This was a great day. We gathered at Hidden Pond with members of the Keller family, including wife Cara, sons Greg and Mark, daughter Karen, and four grandchildren (Matthew, Jacob, Cassidy, and Caraline).
Others present included stewards and volunteers from Palos Restoration Project, former 3rd Ward Alderman Tom McAvoy of Hickory Hills and other neighbors, and Kathy Wurster, Mary Busch, Mike Hart and Chip O'Leary from FPCC.
Roger loved jazz so it was appropriate that celebrants marched through Hidden Pond Woods behind the Four Star Brass Band of Chicago as they played “When the Saints Go Marching In”.
After reaching the bench site, we listened as Cara recited an original poem about Roger's years in restoration. Then we shared personal thoughts and memories. We heard some of the adventures of the Keller children at Hidden Pond in their childhood, before Roger's retirement and stewardship there.
Diana Krug said she had no car when she started volunteering so Roger drove her to workdays.
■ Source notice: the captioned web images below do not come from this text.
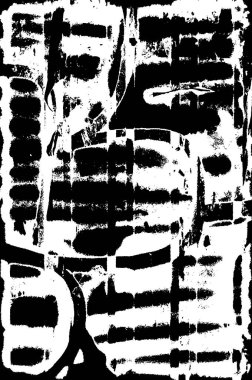 arkaplan için soyut siyah ve beyaz grunge şablonu, vektör illüstrasyonu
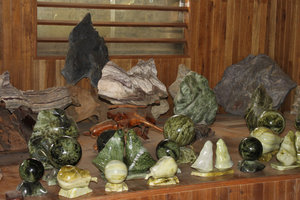 Stone products/souvenirs for sale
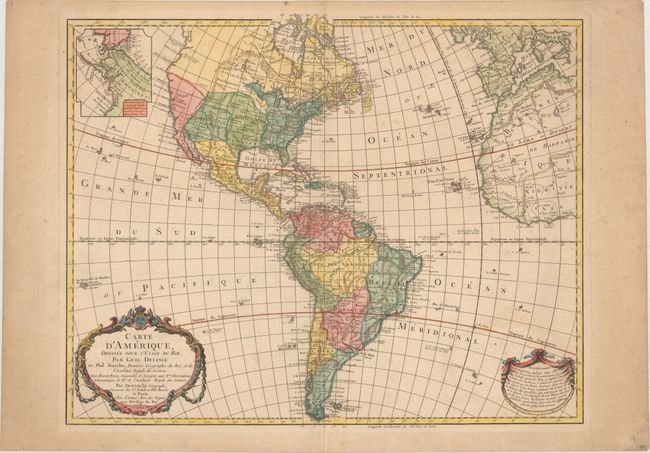 Carte d'Amerique, Dressee pour l'Usage du Roi. Par Guil. Delisle...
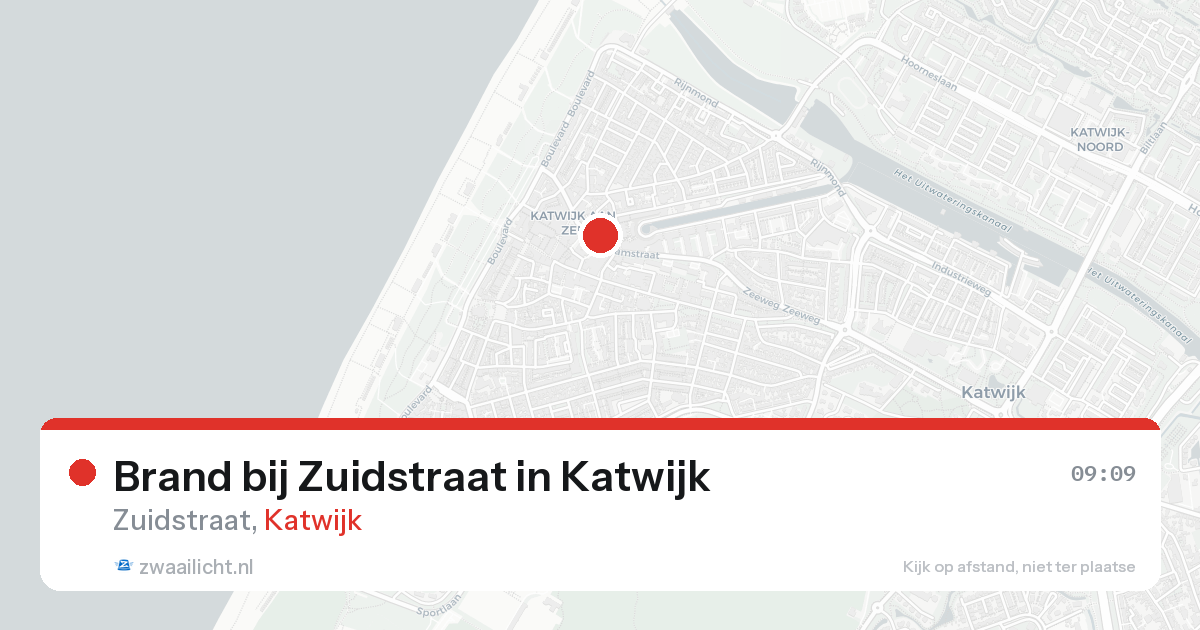 Brand bij Zuidstraat in Katwijk — 19 aug 2026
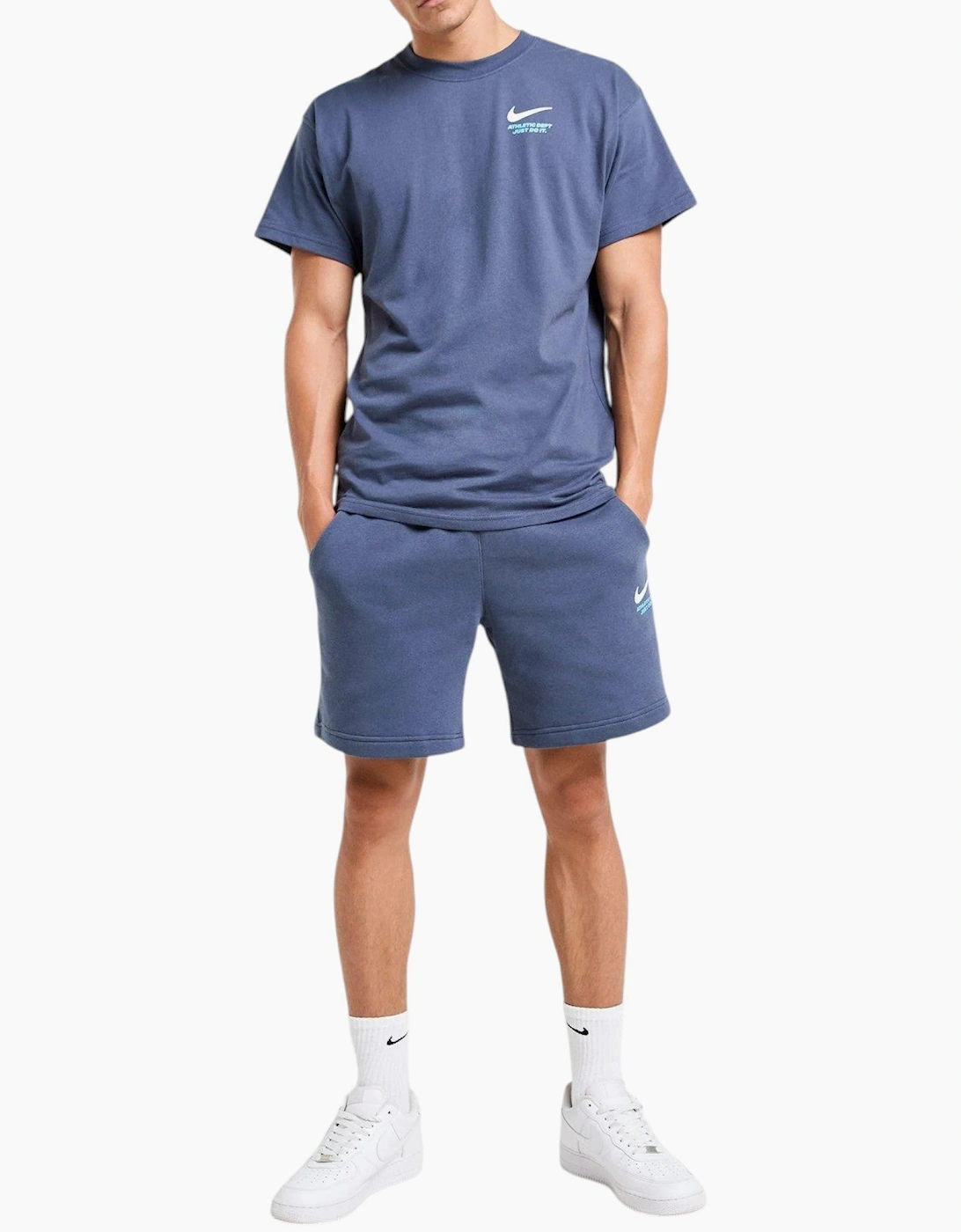 Nike Mens T Shirt Short Set Co Ords Athletic Swoosh Cotton Sportswear Summer Set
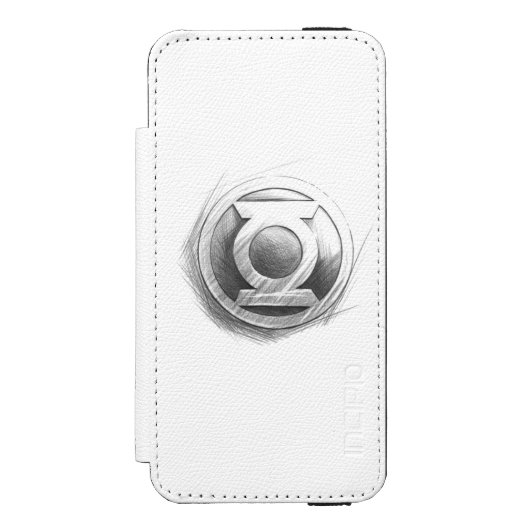 Coque Portefeuille Incipio Pour iPhone Insigne vert lanterne (Folio Devant)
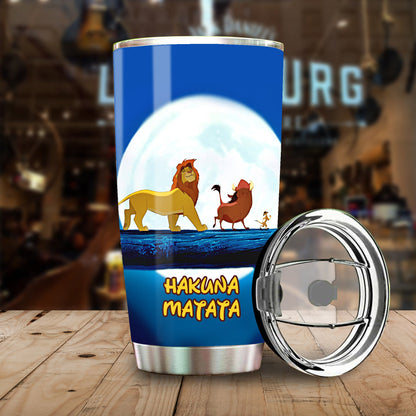 Unifinz LK Tumbler Hakuna Matata Simba and Friends Tumbler Cup Cute High Quality DN LK Travel Mug 2022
A neighbor once asked Roger if a plant in his yard was flower or weed and was, in turn, asked "What do you want it to be?" Alderman McAvoy viewed Roger as a 'character' and 'cross between Grizzly Adams and Hemingway'. High praise indeed.
Several of our stewards and volunteers spoke of the ways Roger had helped them in their own restoration careers. Others spoke of his impact on young people coming into the field.
When all had spoken we left the prairie, again to the strains of Dixieland jazz, finishing in the grove with a picnic lunch provided by FPCC.
The inscription on Roger’s bench, composed by Steward Joe Neumann, reads “Children learned, volunteers labored, the prairie lives on. With hope for the future and gratitude to Steward Roger Keller.” A fitting salute.